Super Evil Megacorp's CEO On Predatory Behavior In The Mobile Market And Making 5v5 Happen In Vainglory

by Imran Khan on Feb 13, 2018 at 03:00 PM

Super Evil Megacorp, the developer behind mobile MOBA Vainglory, has had a busy week.

Today, the developer launched the five-person team modes in Vainglory, raising the number of players per match from six to ten. Super Evil Megacorp held an event to celebrate this launch, showing off the game and inviting fans to watch competitive Vainglory live and in-person, which they did with enthusiasm. Chairs were set up facing a main screen projected on the wall, itself a collective mirroring screens from several phones dotted around the building. Fans were reacting to every twist and turn beamed onto the wall by banging together loud, hollow plastic tubes and screaming their heads off.

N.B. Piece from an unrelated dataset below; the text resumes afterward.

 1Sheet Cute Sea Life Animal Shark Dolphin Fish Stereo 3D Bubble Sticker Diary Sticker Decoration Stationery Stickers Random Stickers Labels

Up in the building's loft, Super Evil Megacorp's CEO Kristian Segerstrale was happily mingling among his employees. With a beer in hand, Segerstrale was happy to shake anyone else's hand, and encourage people to snack while they were there. A veteran executive of studios Supercell and Playfish, Segerstrale was oddly inviting, and started our interview asking me questions about Game Informer before I could ask any of my own.

After we were introduced, Segerstrale seemed genuinely interested in whether we covered mobile games, and what kind of games we all like to play. When I told him that we mostly cover consoles and PC, Segerstrale smiled.

We primarily cover consoles and PC, but mobile is kind of a blind spot.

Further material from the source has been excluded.